Hacker News new | past | comments | ask | show | jobs | submit login
Writing a FUSE filesystem in Python (stavros.io)
142 points by stavros on Nov 4, 2013 | hide | past | favorite | 48 comments



I write ExpanDrive, http://www.expandrive.com - which mounts SFTP/S3/Dropbox/Openstack Swift/Google Docs/Box on Mac/Windows & soon Linux all in Python/FUSE.

Ctypes is the way to go for interacting with libfuse. Even better would be speaking the FUSE protocol directly to /dev/fuse*, but is rather complicated by our Windows support.


Oh, congrats, I used ExpanDrive when I was using Windows and I remember it being the best S3 client I had tried. I'm very excited for Linux support. Feature request: please make sure it supports ACLs properly, nothing else I've tried does. I'll set a folder as world-readable, but, when I upload a file into it, the file won't have inherited that permission and I have to go and do it manually every time...


For those who don't know the space, ExpanDrive used to be SftpDrive. I've been recommending it for years to people who are not technical for accessing sftp shares and have never been let down. Thanks for a great product and sharing some detail about how it works.


Thanks :)


Out of interest what do you use for mounting on Windows?

I have found Dokan (http://dokan-dev.net/en/) and pyFilesystem (http://pythonhosted.org/fs/expose.html) has a clever binding there you write your fs once and can mount it with FUSE or Dokan.

Is there something better?


Nothing open-source, unfortunately. I originally wrote a Windows fuse-like filesystem driver that we used in our 1.x product line, but that was a lot of work to maintain and have since switched to CBFS https://www.eldos.com/cbfs/ - which I wrote a libfuse binding for that we directly mount through via ctypes. They are actually in the process of formally building out FUSE support for CBFS but it's not officially supported.


CBFS has a $7k-20k license price-tag. How are you affording that for your project?

I looked at it some years ago, but couldn't justify the cost for what I needed a FUSE like ability for. And moved on to a couple of other things.


I wouldn't ship a loosely maintained open-source kernel driver to paying customers. You can get CBFS for less if you're an indie shop, but the don't directly publish the price anymore. Compared to spending a year writing a gross Windows filesystem driver or hiring somebody to do it CBFS is amazingly inexpensive.


What price range are we talking about for the "indie shop" license? Between $500-$1000? Or is it more like 1/2 of the $7k license?


Expandrive is commercial software that sells for, IIRC, ~$20.


$40.


Hey, I had thought that ExpanDrive was using Dokan, but I think I'll pick up a copy now that I know some of the backstory. Thanks for posting here!


Neat project and great post.
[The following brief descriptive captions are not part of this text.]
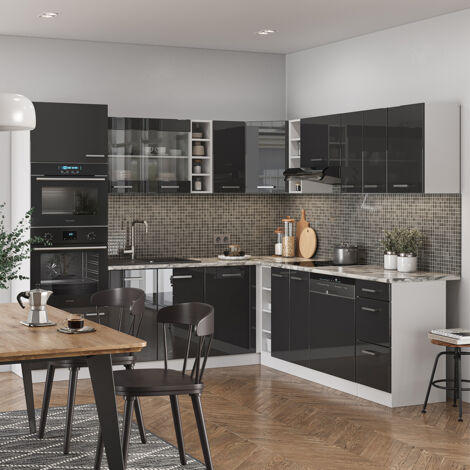 Cocina esquinera R-Line, Antracita brillo intenso/blanco, 237 x 60 cm , ET Mármol, Vicco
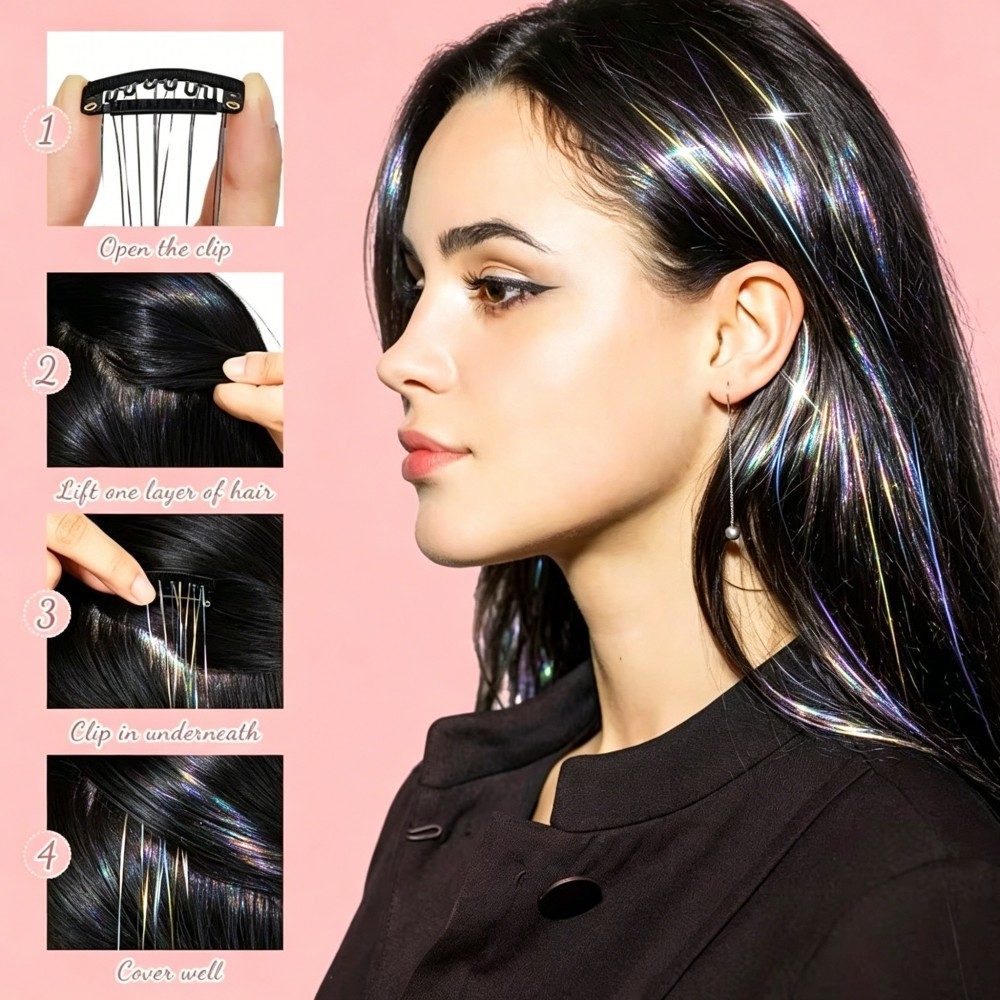 20 Inches Glitter Hair Tinsel Clip in Dreamy Colorful Fairy Hair Tinsel Extensions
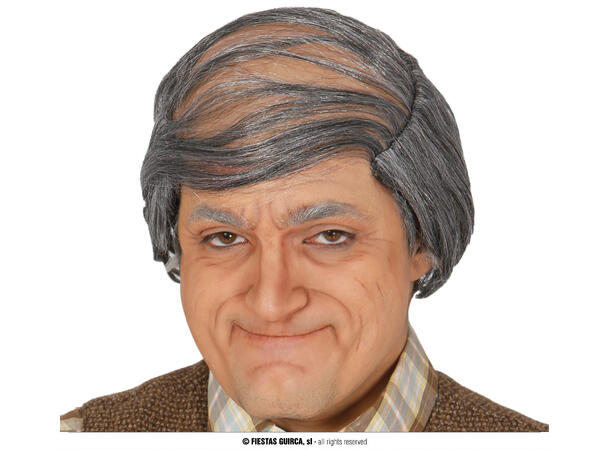 Grå parykk med hentesveis 1 Parykk i syntetisk hår - Herre 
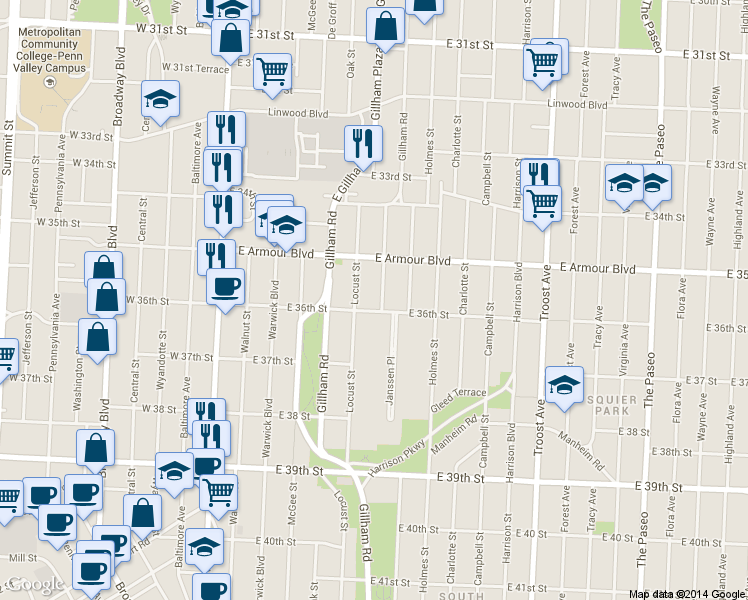 map of restaurants, bars, coffee shops, grocery stores, and more near 501 East 36th Street in Kansas City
One thing I'd like to point out is that there is another mechanism for implementing userspace filesystems in Linux: V9FS. FUSE has a lot of documentation -- much of it in various stages of bitrot -- and many of the comments here point to other FUSE projects as well!

The underlying mechanisms for FUSE are pretty convoluted and difficult, so much more than trivial examples can break the abstractions afforded by the libraries like the one used in the post.

V9FS is in contrast exceedingly simple and basically unchanged. And, yes, it's based on the Plan 9 filesystem protocols :)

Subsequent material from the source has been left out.